Renouant davantage avec son pays d’origine, où il compte de nouveau monter sur les planches, Antonio Banderas affirme retrouver maintenant le simple plaisir du jeu, sans devoir penser à la construction d’une carrière.

« Après une alerte de cette nature, seules restent les choses essentielles de la vie : ma fille, ma famille, mes amis et ma vocation. Le reste n’a pas d’importance. Et je dis bien vocation, pas profession. La vocation te fait faire des choses pour l’amour de l’art, pas pour l’argent. Ce retour en Espagne m’enlève beaucoup de pression. À Hollywood, il m’a fallu de nombreuses années avant de comprendre que mon accent était un handicap. J’ai fait du mieux que j’ai pu, j’ai eu du succès, mais j’avais toujours l’impression d’être un jongleur qui ne pouvait se permettre de laisser échapper quoi que ce soit. En Espagne, je n’ai pas à courir autant. Maintenant, je peux établir une relation avec Hollywood sur de nouvelles bases. »

PHOTO REGIS DUVIGNAU, ARCHIVES REUTERS

Antonio Banderas a remporté cette année le prix d’interprétation masculine à Cannes pour sa performance dans Douleur et gloire, de Pedro Almodóvar.

Consécration à Cannes

Grâce à sa performance dans Douleur et gloire, Antonio Banderas a obtenu le prix d’interprétation masculine du Festival de Cannes. Un honneur auquel il ne s’attendait pas.

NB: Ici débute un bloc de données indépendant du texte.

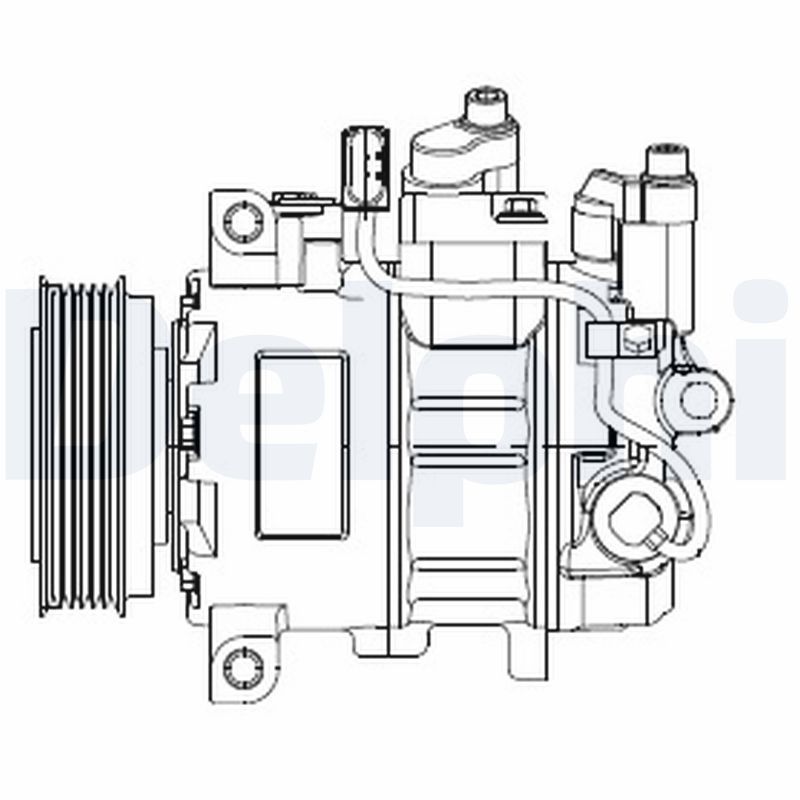 DELPHI CS20474 Compressor, air conditioning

« Il y avait tellement de performances d’acteurs incroyables dans la sélection cette année ! dit-il. Ne serait-ce que celles de Brad [Pitt] et Leo [DiCaprio] dans le film de Tarantino [Once Upon a Time… in Hollywood]. Le jury avait l’embarras du choix. Et puis, j’avais du mal à y croire parce que, même si j’ai parfois reçu des prix honorifiques au cours de ma carrière, je n’avais encore jamais gagné de trophée attribué par un jury. Donc, quand c’est arrivé, j’ai eu le sentiment qu’il m’avait fallu 40 ans pour me rendre là. Le moment ne pouvait être plus parfait, dans la mesure où j’ai reçu ce laurier grâce à un rôle dans un film réalisé par un ami qui m’a fait faire mes débuts au cinéma. Que demander de plus ? »

Dolor y gloria (Douleur et gloire en version française) prend l’affiche le 18 octobre. Antonio Banderas est aussi de la distribution de The Laundromat, film de Steven Soderbergh qui sera sur Netflix à compter du 18 octobre et à l’affiche dans deux salles à Montréal.